Rottweiler Puppy Tilting Its Head and Looking at Camera
Your pup may beg for a bite but only offer a small amount, as there are some hazards associated with the fruit.

Technically, the flesh is okay if given in small quantities and is unlikely to cause any major concerns. However, you will find most dogs don’t enjoy its sharp taste and flavor. It would be better to offer some of these fruits as an alternative, occasional, treat instead:

  • Apples: a good, crunchy snack, best served without the pips and tough core
  • Banana: a filling treat many dogs enjoy the texture of
  • Blueberries: a great little snack that requires little preparation before feeding and is high in antioxidants
  • Melon: all types of melon are safe for dogs to eat and are a good warm weather treat due to their high water content, especially watermelon.
  • Mangoes: an exotic sweet snack, serve without the large pit to avoid any blockages in their digestive tract
  • Pears: a safe snack, best served without the skin and core
  • Peaches: a non-toxic fruit and safe for your pet to eat as long as you remove the pit
  • Strawberries: a handy treat that doesn’t require much preparation

Most dogs won’t like eating any fruit at all, so never force them. It may be best to stick to your pet’s usual diet or try offering other dog-safe snacks such as strips of cooked lean chicken and vegetables like carrots and cucumber. Remember to introduce anything new to your dog very slowly and feed in moderation, as too much of any fruit or vegetable could cause stomach upset.

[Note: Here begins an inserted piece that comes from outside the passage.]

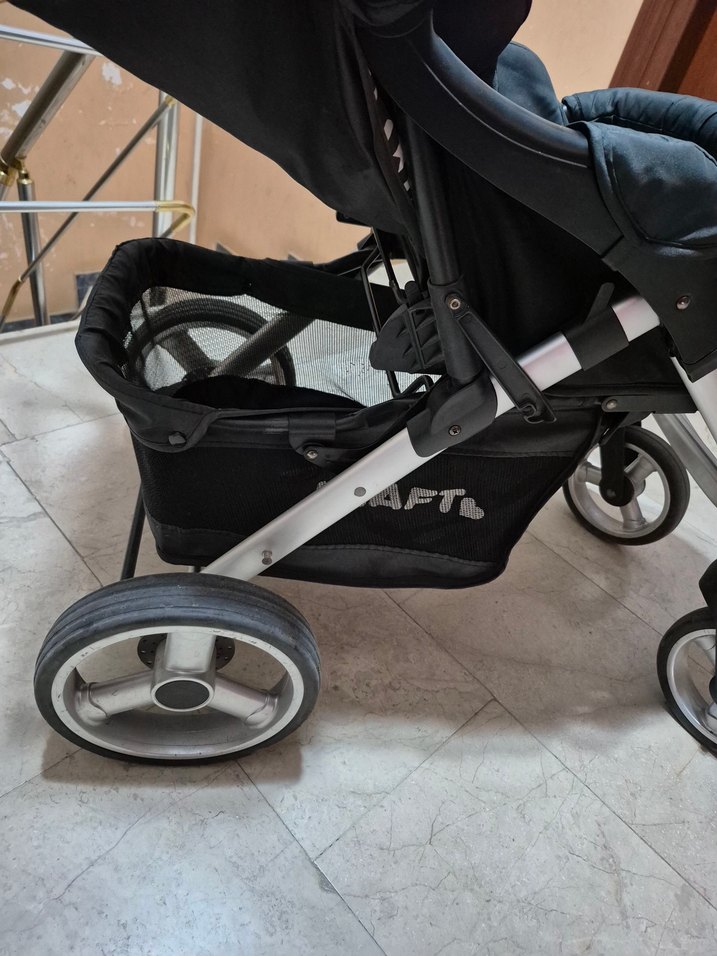 kraft nova bebek arabası - Görsel 2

Frequently Asked Questions

Is citrus okay for dogs?

Oranges and tangerines are the only citrus fruits considered okay to give dogs. Other citrus fruit such as lemons and limes can irritate a dog’s stomach and intestines if eaten in large quantities. The skins and seeds of these fruits also contain toxic compounds which can cause harm to dogs, including essential oils and a phototoxic chemical called psoralen.

Can grapefruit kill dogs?

While grapefruit is unlikely to kill your dog, it may cause some unpleasant side effects if eaten in large quantities. Upset stomachs are most likely, and potentially dermatitis (skin irritation). Contact your veterinarian if your pup has eaten a large volume of grapefruit or is sick in any way.

What fresh fruits can dogs eat?

Several other fruits would be safer for dogs to eat. These include apples, bananas, blueberries, melon, mangoes, pears, and strawberries. Make sure any fruit you offer has been appropriately prepared (skin and pits removed) and you only give small quantities at a time.

Can dogs get grapefruit poisoning?

Not as such, you are more likely to see non-specific signs such as stomach upsets and lethargy, particularly if your dog has eaten the skin or seeds of the fruit. Dermatitis (skin irritation) is seen in some cases, which can worsen with exposure to sunlight. If your dog has eaten a large quantity or appears sick, then you should call your veterinarian immediately.

Final Thoughts

While grapefruit does contain some nutrients which could be of benefit to our pets, most of these can be obtained from safer sources. Vitamin C is the main nutrient humans eat grapefruit for, but this is something dogs don’t need from external sources.

If you are still determined to offer grapefruit to your dog, make sure it is a very small amount and stick to the flesh only. If you see any signs of ill health after consumption, you should monitor them closely and contact your veterinarian if you have any concerns.